Slovenija 2008

The sum of the two opposite angles $\angle ATD$ and $\angle ACD$ in the quadrilateral $ATDC$ is $\pi$, so this quadrilateral is cyclic. Set $\angle TCD=\alpha$. Then

$\angle TAD=\angle TCD=\alpha$. Points $A$, $B$, $E$, $D$ are concyclic, so $\angle BED=\angle BAD=\angle TAD=\alpha$. We have $\angle FED=\angle BED=\alpha =\angle TCD=\angle FCD$, so angles $FED$ and $FCD$ in the quadrilateral $FECD$ are equal and this quadrilateral is also cyclic.

Let $\angle ECF=\beta$. Since $FECD$ is cyclic, we have $\angle EDF=\angle ECF=\beta$. Points $E$, $D$, $B$ and $G$ all lie on $\mathcal{K}$, so $\angle EBG=\angle EDG=\angle EDF=\beta$.

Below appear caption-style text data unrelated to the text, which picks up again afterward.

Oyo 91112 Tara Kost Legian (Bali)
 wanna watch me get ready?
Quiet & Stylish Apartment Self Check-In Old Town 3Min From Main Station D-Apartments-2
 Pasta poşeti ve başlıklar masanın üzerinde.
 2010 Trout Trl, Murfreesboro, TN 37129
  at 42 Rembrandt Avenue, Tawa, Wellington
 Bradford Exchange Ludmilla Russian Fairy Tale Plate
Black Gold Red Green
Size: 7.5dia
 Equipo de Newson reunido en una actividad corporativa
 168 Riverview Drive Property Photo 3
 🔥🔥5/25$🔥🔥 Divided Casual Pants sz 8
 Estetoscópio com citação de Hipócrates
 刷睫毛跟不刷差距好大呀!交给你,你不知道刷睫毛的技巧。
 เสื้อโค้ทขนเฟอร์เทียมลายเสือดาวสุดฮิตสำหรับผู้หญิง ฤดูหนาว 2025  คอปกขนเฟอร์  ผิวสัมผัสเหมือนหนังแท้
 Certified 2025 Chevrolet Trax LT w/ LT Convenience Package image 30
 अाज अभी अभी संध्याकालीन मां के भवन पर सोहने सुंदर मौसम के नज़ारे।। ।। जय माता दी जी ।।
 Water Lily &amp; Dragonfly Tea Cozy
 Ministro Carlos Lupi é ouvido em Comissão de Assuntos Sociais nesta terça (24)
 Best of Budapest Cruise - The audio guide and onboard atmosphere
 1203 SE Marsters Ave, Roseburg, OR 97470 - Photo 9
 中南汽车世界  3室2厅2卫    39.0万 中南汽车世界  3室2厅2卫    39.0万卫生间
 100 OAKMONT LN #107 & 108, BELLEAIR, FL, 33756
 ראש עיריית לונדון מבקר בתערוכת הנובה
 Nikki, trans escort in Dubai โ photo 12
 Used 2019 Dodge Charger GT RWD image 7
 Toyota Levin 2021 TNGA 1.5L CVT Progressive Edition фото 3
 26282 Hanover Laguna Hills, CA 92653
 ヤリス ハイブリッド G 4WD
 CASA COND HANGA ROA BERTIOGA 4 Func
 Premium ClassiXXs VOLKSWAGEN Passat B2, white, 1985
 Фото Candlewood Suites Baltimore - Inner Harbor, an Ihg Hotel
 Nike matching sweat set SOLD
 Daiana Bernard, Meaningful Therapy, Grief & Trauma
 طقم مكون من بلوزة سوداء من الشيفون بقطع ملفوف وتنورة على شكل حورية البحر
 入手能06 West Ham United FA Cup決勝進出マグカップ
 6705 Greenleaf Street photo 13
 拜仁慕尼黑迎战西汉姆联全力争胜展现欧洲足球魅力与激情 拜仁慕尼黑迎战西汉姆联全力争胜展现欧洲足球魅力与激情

Denote $\angle EFC=\gamma$. Since the quadrilateral $CDFE$ is cyclic, we have $\angle EDC=\angle EFC=\gamma$, so $\angle EDB=\pi -\angle EDC=\pi -\gamma$. Points $D$, $B$, $G$ and $E$ are concyclic, so $\angle EGB=\pi -\angle EDB=\pi -(\pi -\gamma )=\gamma$, and $\angle EFC=\angle EGB$. But we have already shown that $\angle ECF=\beta =\angle EBG$. Triangles $ECF$ and $EBG$ have two congruent angles, so they are similar.